WORK TO BE COMPLETED → Your response should be an exact reproduction of the data below, beginning at the line containing "avagy Grillfesztivál Pilinyben" and ending with the final line.

MATERIAL FOR THIS TASK →
==================================================

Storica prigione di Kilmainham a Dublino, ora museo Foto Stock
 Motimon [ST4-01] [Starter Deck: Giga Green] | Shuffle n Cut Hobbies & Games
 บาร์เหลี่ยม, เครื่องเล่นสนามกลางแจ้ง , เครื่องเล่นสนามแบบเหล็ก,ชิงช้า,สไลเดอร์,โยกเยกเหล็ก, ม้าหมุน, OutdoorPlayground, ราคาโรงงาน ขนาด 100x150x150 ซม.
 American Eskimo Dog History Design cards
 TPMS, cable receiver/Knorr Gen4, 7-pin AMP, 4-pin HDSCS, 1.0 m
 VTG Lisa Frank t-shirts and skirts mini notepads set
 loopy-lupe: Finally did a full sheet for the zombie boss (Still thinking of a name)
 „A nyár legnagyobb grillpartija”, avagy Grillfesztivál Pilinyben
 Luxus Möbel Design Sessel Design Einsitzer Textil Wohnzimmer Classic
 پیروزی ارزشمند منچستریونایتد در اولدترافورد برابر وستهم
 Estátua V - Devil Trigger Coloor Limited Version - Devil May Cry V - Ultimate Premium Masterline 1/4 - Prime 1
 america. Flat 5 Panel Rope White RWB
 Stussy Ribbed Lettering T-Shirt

==================================================

TASK RESULT →
 „A nyár legnagyobb grillpartija”, avagy Grillfesztivál Pilinyben
 Luxus Möbel Design Sessel Design Einsitzer Textil Wohnzimmer Classic
 پیروزی ارزشمند منچستریونایتد در اولدترافورد برابر وستهم
 Estátua V - Devil Trigger Coloor Limited Version - Devil May Cry V - Ultimate Premium Masterline 1/4 - Prime 1
 america. Flat 5 Panel Rope White RWB
 Stussy Ribbed Lettering T-Shirt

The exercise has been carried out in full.